It was Vachon’s stellar writing and dry sense of humor that spirited me through the book; I turned the pages quickly to see what crazy, over-the-top scenario he would describe next. What irritated me was the dearth of sympathetic female characters who aren’t either prostitutes or completely bonkers. (But maybe that's Vachon's opinion of women.) I was interested in hero Tommy Quinn's long-suffering mother, but she didn’t get enough page time to make much of an impact. Even with the lack of women to root for, I fell hard for Makkesh Makker, a 29-year-old JS Spencer employee who gives his life to the company.
I don’t feel as strongly about Vachon as the bloggers who love him or the writers who want to rip him a new one (though I love Lizzy Ratner’s writing – her "Murray Hell" piece couldn’t have explained the 'hood better): I don’t want to do him raw, and I don’t hate him for his heritage.
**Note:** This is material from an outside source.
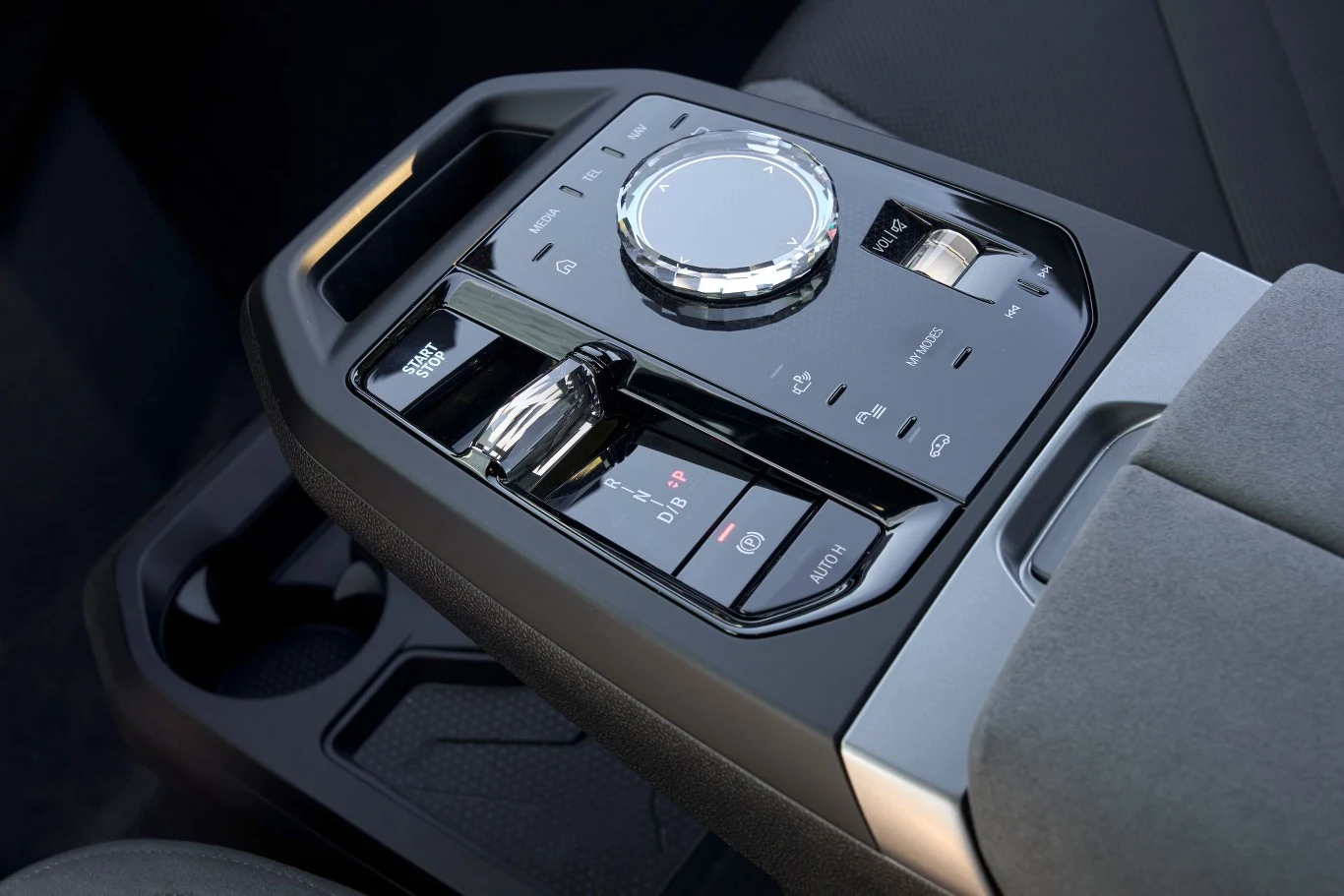 Panel sterowania w samochodzie z dużym chromowanym pokrętłem, przyciskami do sterowania multimediami i funkcjami pojazdu, znajdujący się na środkowym tunelu między fotelami.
I would like to ask him exactly how fictionalized the book was – which parts of it were made out of whole cloth or if most/all is ripped almost directly from his own nights out in the city.
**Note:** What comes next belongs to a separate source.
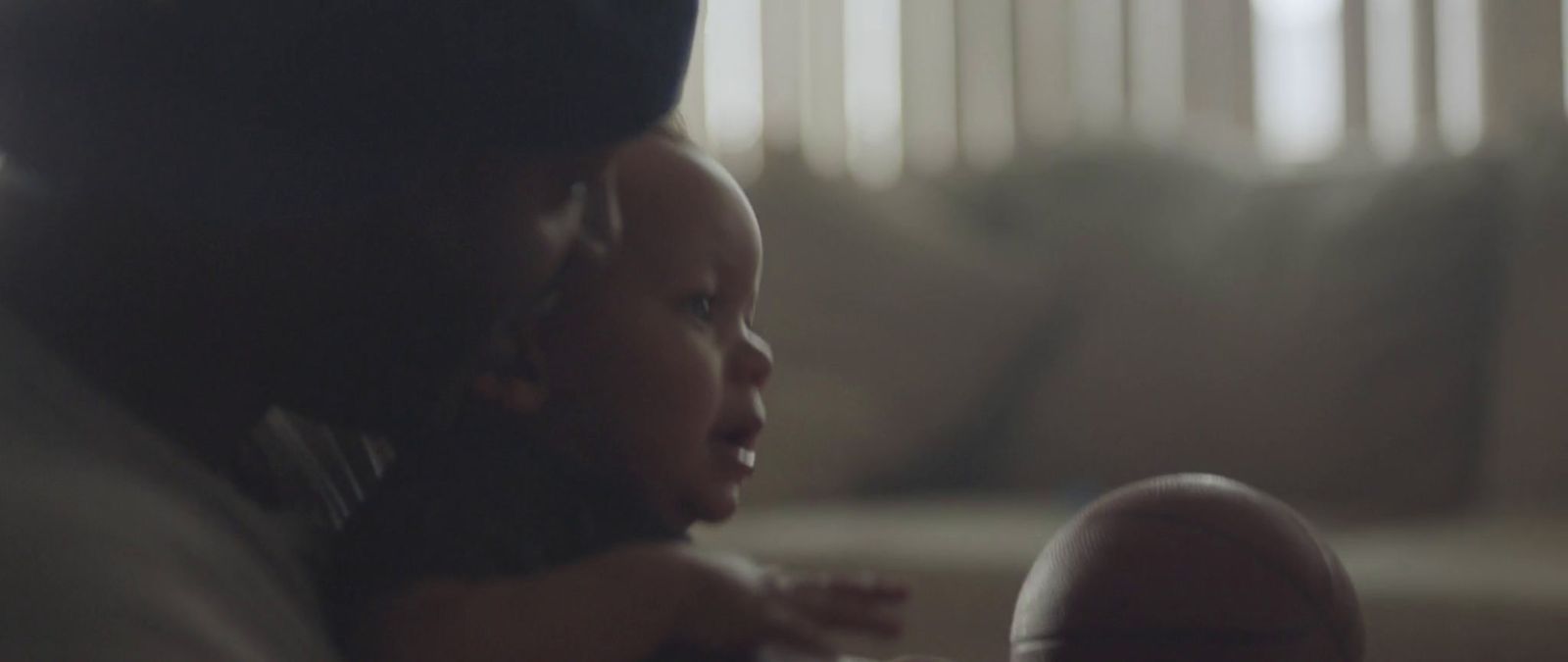 a woman holding a baby in her arms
Print publications have described the book as a satire, but I don’t necessarily see how somebody can make fun of such high-falutin' places as Le Bilboquet while choosing to make their dinner reservations there after the fun has been made. Again, it smacks of at least some reverence. It’s possible that Vachon is a little too close to this social caste to properly mock it. Also, according to a few news articles, it seems Vachon used his friends as near-exact molds for the characters. And those same friends still like him – and apparently dine at Le Bilboquet with him. How
that’s possible I’m not sure. Perhaps they haven’t read the book closely, or maybe they’re taking it more lightly than even Vachon himself intended.
A lot of people have weighed in about the book so far. I liked what Emily from Gawker said today: "Five or six more years of actual life experience would have enriched the book considerably, potentially transforming the easy caricatures into insightful portraits." But I think I agree most with Lindsay, who wrote, “It is a much better book than it needed to be.” I don’t have any more sympathy for the rich now than I had before (which is none), and it didn’t change my worldview, though it did change my dinner conversations for a few days.
Verdict? Wait for the paperback and read it on vacation, but you'll sure as hell enjoy it when you do.